Still, Docker is not without its issues: it requires a daemon to be running as root. It’s been a while since I heard about a serious jailbreak in Docker, but that’s still a fair bit of surface area risk! I’m also still a little bit wary of running things like databases in containers. I don’t know if that’s still the best advice or whether it’s vestigial FUD, but it gives me the willies.
Fortunately for me, in the decade or so since Docker launched the Open Container Initiative, there are other options. The option among those that is particularly interesting to me is Podman. It provides a mostly Docker-compatible API, but runs without a daemon, and can run without root access.

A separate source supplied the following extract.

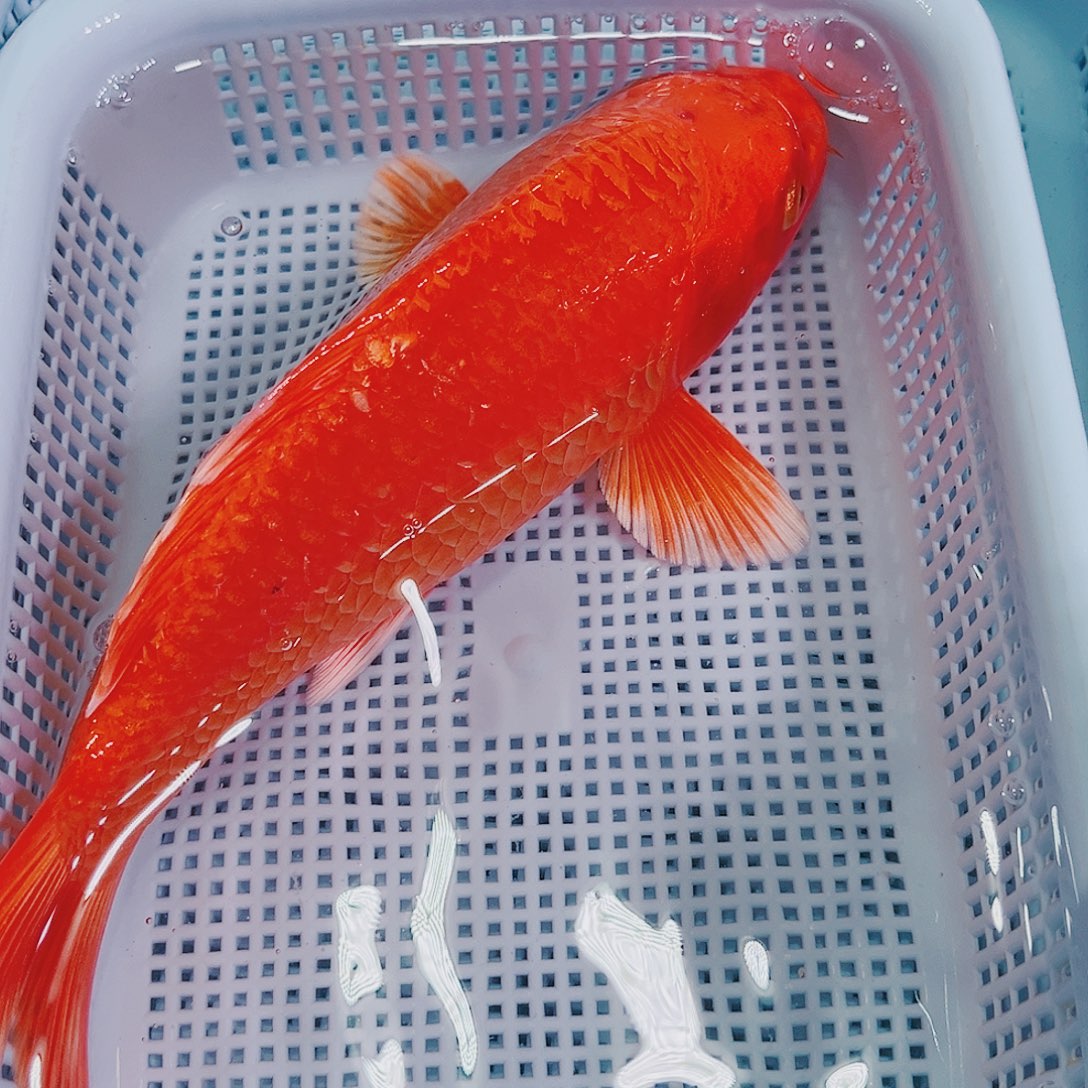 锦鲤锦鲤冷水鱼观赏118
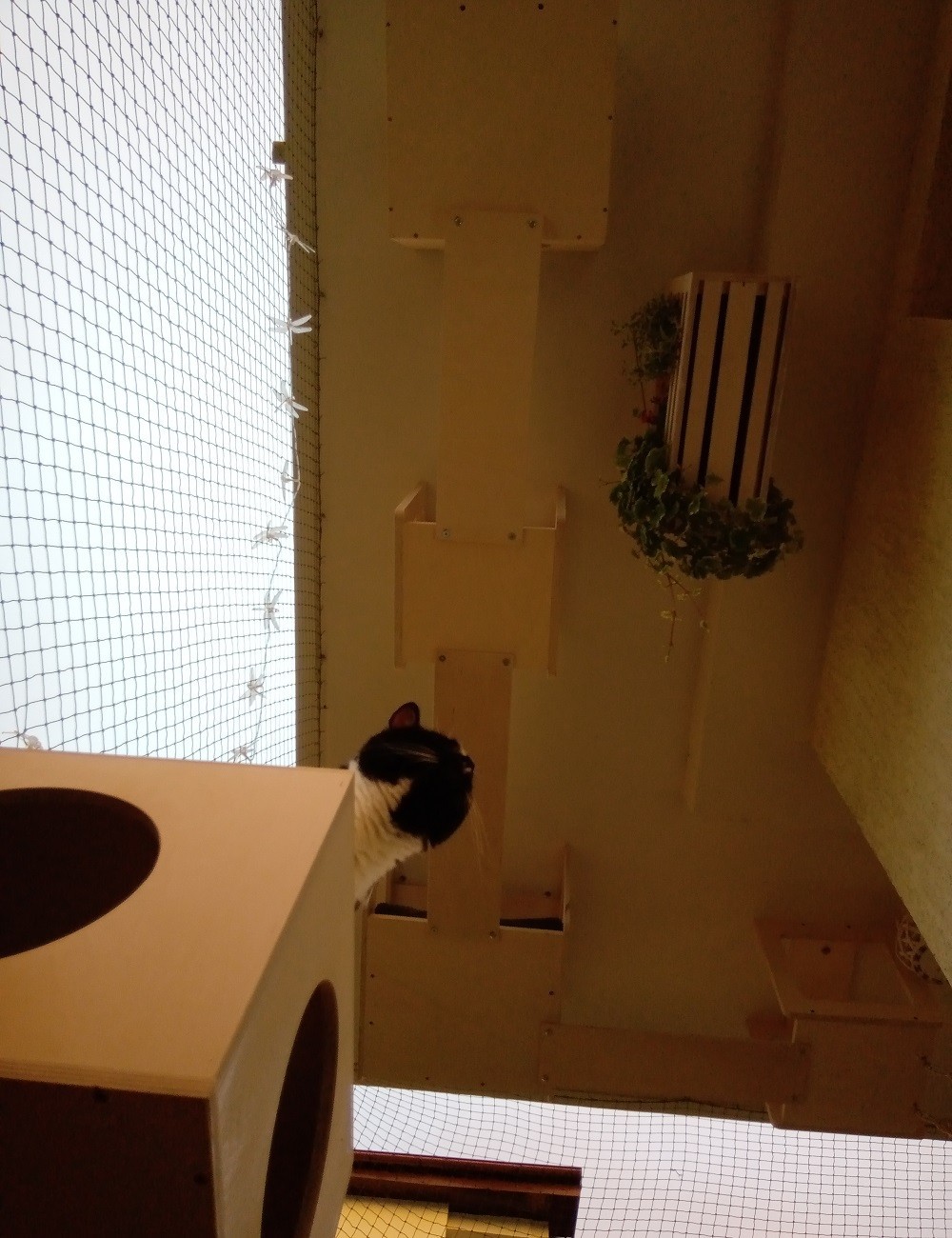 Kwietnik podwieszany - impregnowany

Interlude: What’s a Container?
To understand containers, I feel like one has to first understand VMs.
Inner Interlude: What’s a VM?
Computers are typically made up of software that runs on hardware. The device on which you’re reading this (unless you printed out, in which case baller move) probably matches this description. As I wrote in my last post, hardware is backed by software called drivers that know how to physically interact with it. The operating system boots up and uses common, shared, and pre-agreed-upon interfaces to interact with these drivers: block devices, character devices, and suchlike.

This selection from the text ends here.